4.19.17_Features_Catie Byrne_Hidden Voices_Catie Byrne

Catie Byrne

Catie Byrne
  Features Editor 

As a part of UNCG’s Pride Month, on April 13 from 4-5 p.m., the Office of Intercultural Engagement hosted UNCG librarian Dr. Jim Carmichael and UNCG archivist Stacey Krim, for “How to Access Hidden Histories.”

Though its CAP statement described the event as focusing, “on how we explore hidden LGBTQ+ narratives and histories that often occurred under a shroud of anonymity,” there was a particular focus on LGBT lives, history and activism as it existed at UNCG and how media such as The Carolinian, documented this history.

The event opened with Carmichael and Krim foregrounding the historical background of the gender-nonconforming, former UNCG student and women’s right’s lawyer, Lucille Pugh, on a power point slideshow. Born in 1885, Pugh was famous for wearing men’s attire at a time before women were even able to vote.

“We don’t know what they were doing in their life or their actions, but certainly being a lawyer was gender non-conforming at this time, living a very public life where she’s casually dressed in male attire; that is sometimes the best you have to go on,” Krim said, with regard to whether or not it was known if Pugh was transgender or a lesbian.

Carmichael then explained that it was during Pugh’s lifetime that the Diagnostic and Statistical Manuel of Mental Disorders, known as the DSM-1, classed being gay as a mental illness. Given this information, Carmichael and Krim said it was possible that information regarding Pugh’s sexuality and gender was hidden and could likely only be accessed through medical records.

Carmichael then moved to discuss the way sexuality has historically been taught in UNCG’s curriculum. Gesturing to the wall behind her, Krim said that UNCG’s archives have records of UNCG’s physical education departments taking lecture notes about gayness in 1920.

“These notes,” Krim said, “are based on some 1892 material that was published on homosexuality… so this model that is being taught at our school, is modeling homosexuality as a stage in the evolutionary stage of development of sexuality… It viewed that humans went through three stages of sexuality, the first was bisexuality, and that was when you were very young, between the ages of infancy until around 13 years old. When you hit your teens and your early 20’s, you go through a homosexual stage, and everyone would go through this and then after your 20’s, when you’re a full-grown adult, you would become heterosexual.”
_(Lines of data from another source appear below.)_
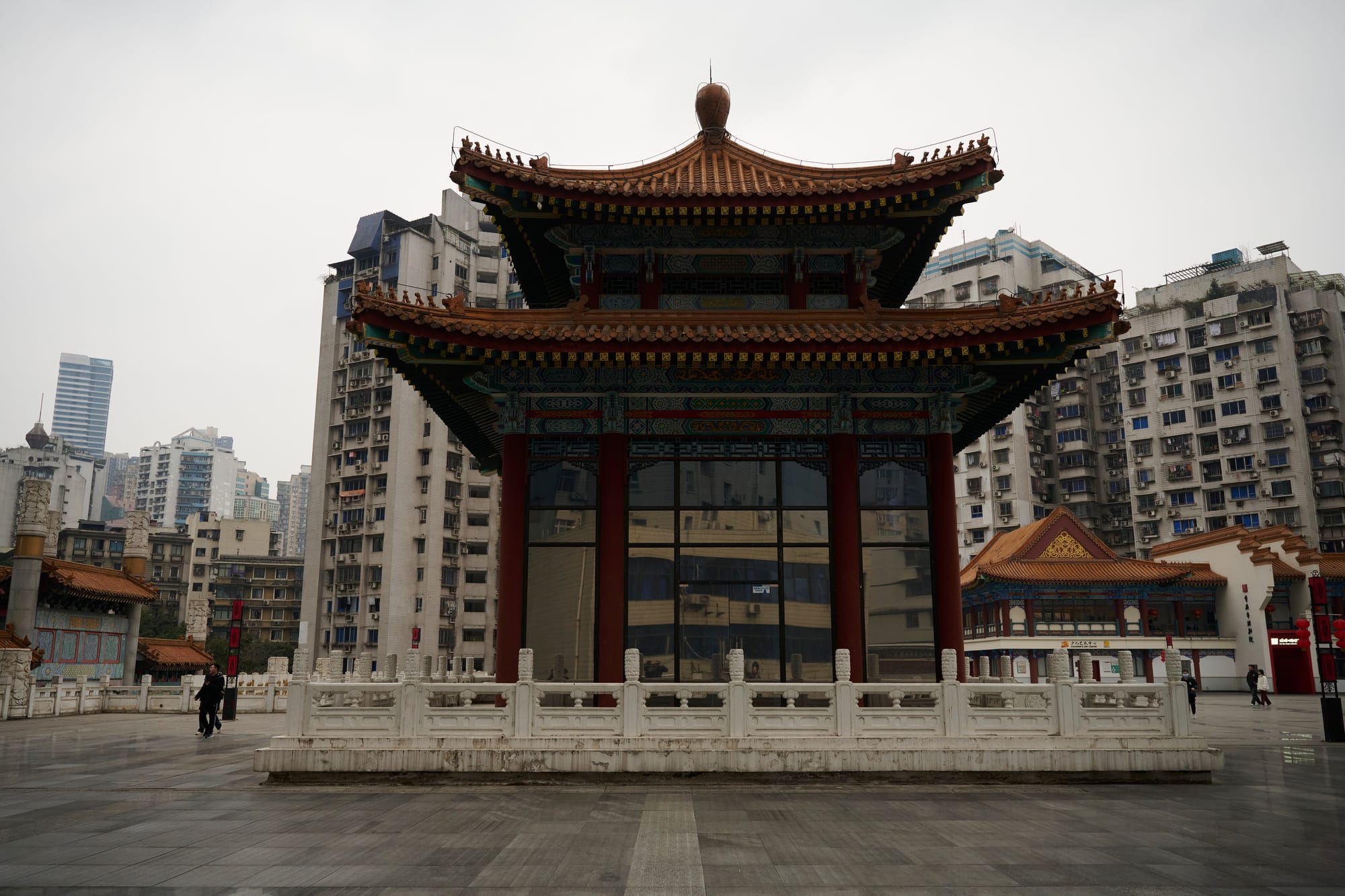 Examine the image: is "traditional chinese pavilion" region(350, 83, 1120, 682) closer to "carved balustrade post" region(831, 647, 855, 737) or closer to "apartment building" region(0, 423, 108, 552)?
"carved balustrade post" region(831, 647, 855, 737)

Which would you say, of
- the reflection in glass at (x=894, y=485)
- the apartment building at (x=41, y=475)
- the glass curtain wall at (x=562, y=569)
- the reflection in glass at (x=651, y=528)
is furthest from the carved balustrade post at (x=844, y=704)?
the apartment building at (x=41, y=475)

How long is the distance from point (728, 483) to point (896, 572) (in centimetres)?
377

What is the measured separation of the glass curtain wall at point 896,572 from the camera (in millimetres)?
18297

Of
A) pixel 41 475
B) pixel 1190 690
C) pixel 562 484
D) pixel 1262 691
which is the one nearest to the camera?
pixel 562 484

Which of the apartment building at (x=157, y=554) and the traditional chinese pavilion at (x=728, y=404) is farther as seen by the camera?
the apartment building at (x=157, y=554)

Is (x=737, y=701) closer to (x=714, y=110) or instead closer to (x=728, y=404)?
(x=728, y=404)

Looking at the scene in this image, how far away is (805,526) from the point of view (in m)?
18.9

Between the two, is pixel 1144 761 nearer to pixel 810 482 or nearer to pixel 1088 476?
pixel 810 482

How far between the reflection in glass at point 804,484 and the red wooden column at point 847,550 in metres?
0.23

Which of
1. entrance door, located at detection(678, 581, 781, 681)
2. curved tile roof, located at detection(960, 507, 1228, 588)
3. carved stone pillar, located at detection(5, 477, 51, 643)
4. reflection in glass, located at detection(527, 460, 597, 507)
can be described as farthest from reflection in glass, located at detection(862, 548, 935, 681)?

Being gay then, Krim explained, was seen as a stagnation of a person’s sexuality into the middle stage of human development. This mindset then, is what shaped “crush counseling” for women who had expressed attraction for other women when UNCG was a women’s college.

“And basically,” Krim said,  “what the department of Physical Education says is that [the way] you deal with this, is that you work it out of them, you exercise it out of them. ‘Direct the energy elsewhere and then she won’t stagnate, and then she can graduate and get married’.”

Carmichael then clarified that the way gayness was framed at this point in time was different for men than it was women, citing personal anecdotes as a gay man and his experiences with homophobia.

“When hormones kicked in, I never ever heard anyone say, in this country, that male same-sex relationships during teenage years were okay,” said Carmichael.  

The difficulties of burgeoning gay life at UNCG, particularly for gay men as the university evolved and allowed male students on campus, was noted in discussions about Kenneth Crump. “On November 22, almost two years off the two-year-anniversary of the Strong dormitory riot, Kenneth Crump committed suicide. Crump was a student at Strong dormitory. He was a 21-year-old freshman and a dance major and apparently he was being bullied for being gay, so he threw himself off of the 9th floor of the tower at 1 a.m.,” said Krim.

His suicide was documented by the News and Record article: “Student, 21, dead after fall from library,” and The Carolinian’s “Student Jumps from Library.”

Carmichael and Krim then showed a series of slides illustrating the relationship between the gay liberation movement and gay student life on campus and the newspaper which documented it, The Carolinian. Featuring such headlines as: “Dialogue with a homosexual” and “Morality Week vs. Pride Week,” as well as dozens of pointed Letters to the Editor regarding gay issues, gay life at UNCG became more widely recognized through the platform of our student newspaper.

The event ended on the note that UNCG has had and continues to have a strong LGBT population on campus, with, according to UNCG’s ACHA-National College Health Assessment for the 2016 Fall Health survey, approximately 25.7 percent of UNCG undergraduates identifying as non-straight or non-gender binary.